Exercise aim: Given the entries that follow, write out exactly the lines starting at the one containing "MEXIYA Gabrielle Modern" and ending at the one containing "Cheers to 50", both ends included, and only those.

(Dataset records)
————

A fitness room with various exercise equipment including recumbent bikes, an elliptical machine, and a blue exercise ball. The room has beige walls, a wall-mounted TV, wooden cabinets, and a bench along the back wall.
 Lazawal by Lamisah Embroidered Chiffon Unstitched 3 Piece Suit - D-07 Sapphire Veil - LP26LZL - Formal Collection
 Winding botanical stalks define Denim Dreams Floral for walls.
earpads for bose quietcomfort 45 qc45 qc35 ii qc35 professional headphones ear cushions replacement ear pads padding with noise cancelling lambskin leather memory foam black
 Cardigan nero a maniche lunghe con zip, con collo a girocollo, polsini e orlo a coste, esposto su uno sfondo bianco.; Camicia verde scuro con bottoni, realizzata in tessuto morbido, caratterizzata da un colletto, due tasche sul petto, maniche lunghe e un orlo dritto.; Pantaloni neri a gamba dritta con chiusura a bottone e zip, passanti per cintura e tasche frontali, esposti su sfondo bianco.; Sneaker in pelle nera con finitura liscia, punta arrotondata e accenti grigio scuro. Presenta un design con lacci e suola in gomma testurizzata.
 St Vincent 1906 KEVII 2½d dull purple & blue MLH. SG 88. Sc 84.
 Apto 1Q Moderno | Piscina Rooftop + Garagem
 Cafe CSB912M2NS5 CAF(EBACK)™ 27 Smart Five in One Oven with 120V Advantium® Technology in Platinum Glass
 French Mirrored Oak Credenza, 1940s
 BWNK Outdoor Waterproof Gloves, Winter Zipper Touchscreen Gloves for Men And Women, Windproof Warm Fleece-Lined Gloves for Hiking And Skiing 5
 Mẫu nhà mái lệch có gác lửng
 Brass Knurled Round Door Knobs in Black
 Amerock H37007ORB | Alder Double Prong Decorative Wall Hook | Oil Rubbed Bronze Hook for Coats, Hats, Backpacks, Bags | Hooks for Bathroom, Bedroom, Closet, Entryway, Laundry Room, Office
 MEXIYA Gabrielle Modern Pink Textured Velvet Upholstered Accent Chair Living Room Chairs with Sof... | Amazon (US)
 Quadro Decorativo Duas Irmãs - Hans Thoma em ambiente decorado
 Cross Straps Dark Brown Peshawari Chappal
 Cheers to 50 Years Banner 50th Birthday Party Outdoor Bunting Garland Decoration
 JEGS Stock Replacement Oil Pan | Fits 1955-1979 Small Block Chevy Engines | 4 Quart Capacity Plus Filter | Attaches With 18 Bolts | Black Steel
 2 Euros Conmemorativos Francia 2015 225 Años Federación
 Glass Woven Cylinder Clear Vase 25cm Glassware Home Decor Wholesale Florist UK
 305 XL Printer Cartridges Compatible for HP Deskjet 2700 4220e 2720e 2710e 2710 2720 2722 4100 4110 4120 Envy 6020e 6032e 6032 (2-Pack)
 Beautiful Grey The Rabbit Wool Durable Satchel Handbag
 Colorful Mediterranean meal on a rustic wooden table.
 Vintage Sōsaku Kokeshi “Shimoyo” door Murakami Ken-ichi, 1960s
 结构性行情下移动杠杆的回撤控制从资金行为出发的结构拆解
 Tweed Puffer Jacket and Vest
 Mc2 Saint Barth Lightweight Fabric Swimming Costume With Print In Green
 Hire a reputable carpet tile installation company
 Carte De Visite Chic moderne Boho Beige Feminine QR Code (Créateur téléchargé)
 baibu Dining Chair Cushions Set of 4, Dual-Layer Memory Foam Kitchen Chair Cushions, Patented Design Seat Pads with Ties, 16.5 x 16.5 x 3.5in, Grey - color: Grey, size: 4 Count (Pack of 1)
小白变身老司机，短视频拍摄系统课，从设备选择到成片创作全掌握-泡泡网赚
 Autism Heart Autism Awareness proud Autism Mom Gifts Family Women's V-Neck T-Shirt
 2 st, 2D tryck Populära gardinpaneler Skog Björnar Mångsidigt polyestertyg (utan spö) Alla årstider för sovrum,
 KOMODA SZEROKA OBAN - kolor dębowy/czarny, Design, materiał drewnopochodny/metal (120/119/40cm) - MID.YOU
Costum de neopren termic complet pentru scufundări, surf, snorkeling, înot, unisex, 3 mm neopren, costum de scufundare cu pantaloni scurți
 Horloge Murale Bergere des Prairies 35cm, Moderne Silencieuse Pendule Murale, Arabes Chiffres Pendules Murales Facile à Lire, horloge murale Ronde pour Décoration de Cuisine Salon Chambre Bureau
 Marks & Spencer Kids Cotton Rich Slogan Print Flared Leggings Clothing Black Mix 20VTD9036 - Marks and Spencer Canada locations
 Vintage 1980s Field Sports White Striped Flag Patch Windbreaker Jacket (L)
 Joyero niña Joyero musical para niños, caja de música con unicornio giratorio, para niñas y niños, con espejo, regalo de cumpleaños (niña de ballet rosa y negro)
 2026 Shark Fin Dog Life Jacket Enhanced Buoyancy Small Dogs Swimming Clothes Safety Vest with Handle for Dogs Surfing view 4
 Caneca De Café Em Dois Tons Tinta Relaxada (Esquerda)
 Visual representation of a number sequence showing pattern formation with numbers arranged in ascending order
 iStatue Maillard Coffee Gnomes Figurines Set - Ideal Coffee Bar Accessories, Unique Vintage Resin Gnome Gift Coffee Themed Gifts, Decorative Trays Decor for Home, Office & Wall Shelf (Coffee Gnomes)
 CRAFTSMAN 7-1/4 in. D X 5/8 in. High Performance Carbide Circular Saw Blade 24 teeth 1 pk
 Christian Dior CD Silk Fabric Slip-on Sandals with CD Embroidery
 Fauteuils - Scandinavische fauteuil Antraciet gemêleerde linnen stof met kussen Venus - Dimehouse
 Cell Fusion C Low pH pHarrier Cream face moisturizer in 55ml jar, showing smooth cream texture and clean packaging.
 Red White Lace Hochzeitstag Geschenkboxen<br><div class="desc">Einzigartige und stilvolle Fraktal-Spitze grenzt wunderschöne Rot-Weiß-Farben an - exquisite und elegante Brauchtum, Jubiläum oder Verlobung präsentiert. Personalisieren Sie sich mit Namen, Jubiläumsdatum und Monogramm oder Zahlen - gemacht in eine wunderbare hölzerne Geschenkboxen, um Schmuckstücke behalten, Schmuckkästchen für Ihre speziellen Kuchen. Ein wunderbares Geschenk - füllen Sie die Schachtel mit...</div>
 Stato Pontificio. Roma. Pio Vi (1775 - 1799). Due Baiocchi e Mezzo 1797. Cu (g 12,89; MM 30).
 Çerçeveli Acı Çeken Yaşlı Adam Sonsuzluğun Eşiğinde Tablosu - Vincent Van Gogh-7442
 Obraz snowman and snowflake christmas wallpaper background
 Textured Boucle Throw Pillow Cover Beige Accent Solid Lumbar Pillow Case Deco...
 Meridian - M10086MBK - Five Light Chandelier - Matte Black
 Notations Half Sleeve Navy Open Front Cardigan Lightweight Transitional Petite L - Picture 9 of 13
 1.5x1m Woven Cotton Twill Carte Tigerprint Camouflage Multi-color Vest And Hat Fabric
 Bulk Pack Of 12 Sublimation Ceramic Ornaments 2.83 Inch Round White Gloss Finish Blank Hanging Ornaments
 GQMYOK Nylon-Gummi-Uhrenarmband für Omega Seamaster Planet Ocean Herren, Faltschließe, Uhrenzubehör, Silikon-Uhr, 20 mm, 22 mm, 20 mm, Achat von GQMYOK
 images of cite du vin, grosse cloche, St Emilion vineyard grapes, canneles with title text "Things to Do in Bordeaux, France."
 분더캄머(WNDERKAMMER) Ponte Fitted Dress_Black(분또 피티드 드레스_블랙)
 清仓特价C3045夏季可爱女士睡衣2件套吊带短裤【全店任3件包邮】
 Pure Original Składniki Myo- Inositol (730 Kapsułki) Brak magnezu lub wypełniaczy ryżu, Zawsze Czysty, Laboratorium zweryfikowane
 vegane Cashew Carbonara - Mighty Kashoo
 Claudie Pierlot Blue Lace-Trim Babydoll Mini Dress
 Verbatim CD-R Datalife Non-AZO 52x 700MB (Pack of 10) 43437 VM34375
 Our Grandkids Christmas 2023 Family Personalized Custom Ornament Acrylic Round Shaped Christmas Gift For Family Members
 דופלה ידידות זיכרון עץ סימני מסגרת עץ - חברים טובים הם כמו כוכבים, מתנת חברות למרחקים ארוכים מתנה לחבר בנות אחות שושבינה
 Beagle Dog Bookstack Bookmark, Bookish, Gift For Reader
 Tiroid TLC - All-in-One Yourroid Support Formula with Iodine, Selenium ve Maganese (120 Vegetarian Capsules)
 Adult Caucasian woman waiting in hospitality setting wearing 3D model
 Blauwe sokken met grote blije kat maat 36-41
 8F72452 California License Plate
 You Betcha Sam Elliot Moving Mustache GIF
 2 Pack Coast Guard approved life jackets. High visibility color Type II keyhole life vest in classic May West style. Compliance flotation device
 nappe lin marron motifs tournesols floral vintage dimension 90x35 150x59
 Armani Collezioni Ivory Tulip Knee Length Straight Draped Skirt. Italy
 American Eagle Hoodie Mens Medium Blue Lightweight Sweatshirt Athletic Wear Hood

————

Final answer:
 MEXIYA Gabrielle Modern Pink Textured Velvet Upholstered Accent Chair Living Room Chairs with Sof... | Amazon (US)
 Quadro Decorativo Duas Irmãs - Hans Thoma em ambiente decorado
 Cross Straps Dark Brown Peshawari Chappal
 Cheers to 50 Years Banner 50th Birthday Party Outdoor Bunting Garland Decoration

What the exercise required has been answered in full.